### REQUIREMENT
Give back only the lines in the records below from the one with "Framed Low angle" to the one with "Red Yamaha scooter", both inclusive, word for word.

### DATA SUPPLIED
----

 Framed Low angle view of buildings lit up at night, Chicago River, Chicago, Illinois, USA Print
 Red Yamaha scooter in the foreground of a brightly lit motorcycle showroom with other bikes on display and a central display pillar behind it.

----

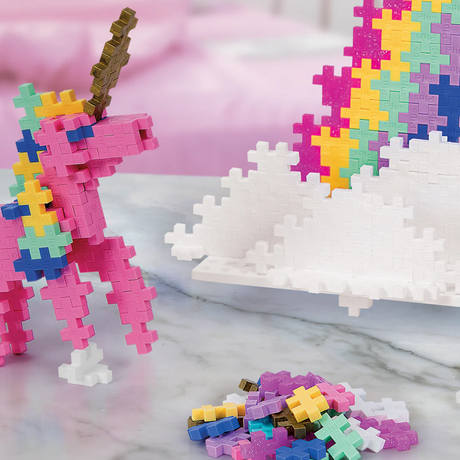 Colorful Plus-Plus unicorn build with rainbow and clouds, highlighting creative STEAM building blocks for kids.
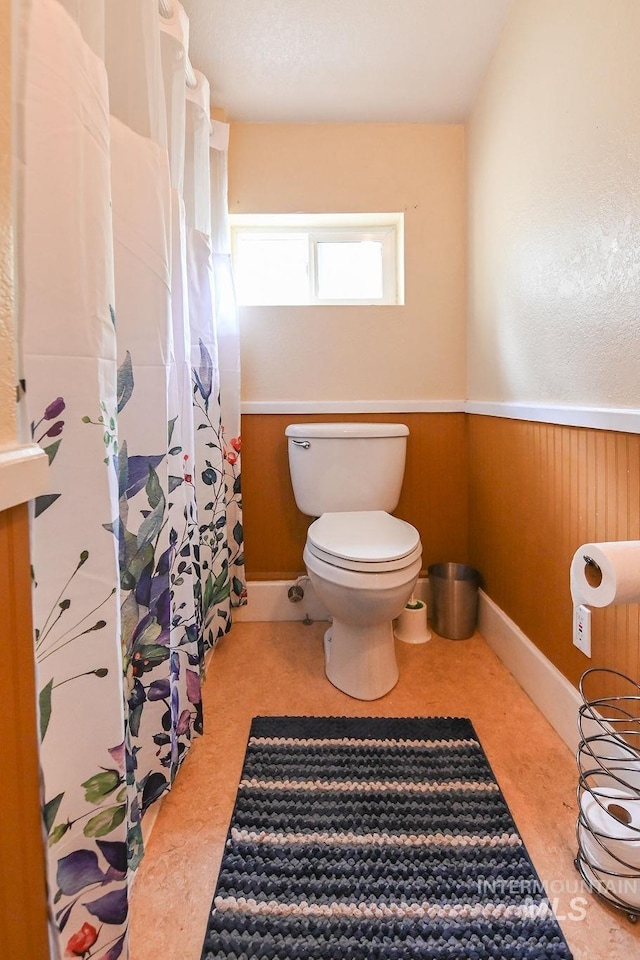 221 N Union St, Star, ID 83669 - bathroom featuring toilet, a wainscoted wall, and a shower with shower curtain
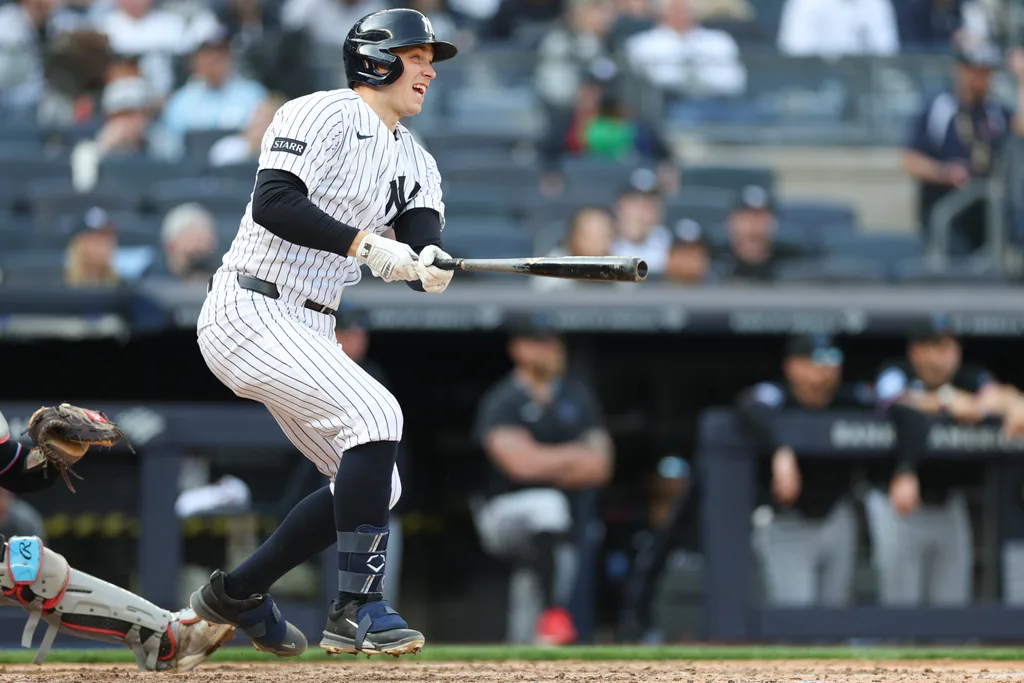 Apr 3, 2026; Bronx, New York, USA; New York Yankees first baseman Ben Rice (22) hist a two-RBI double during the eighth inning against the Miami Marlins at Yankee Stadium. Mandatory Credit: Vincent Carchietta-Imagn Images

----

### RESULT BELOW
 Framed Low angle view of buildings lit up at night, Chicago River, Chicago, Illinois, USA Print
 Red Yamaha scooter in the foreground of a brightly lit motorcycle showroom with other bikes on display and a central display pillar behind it.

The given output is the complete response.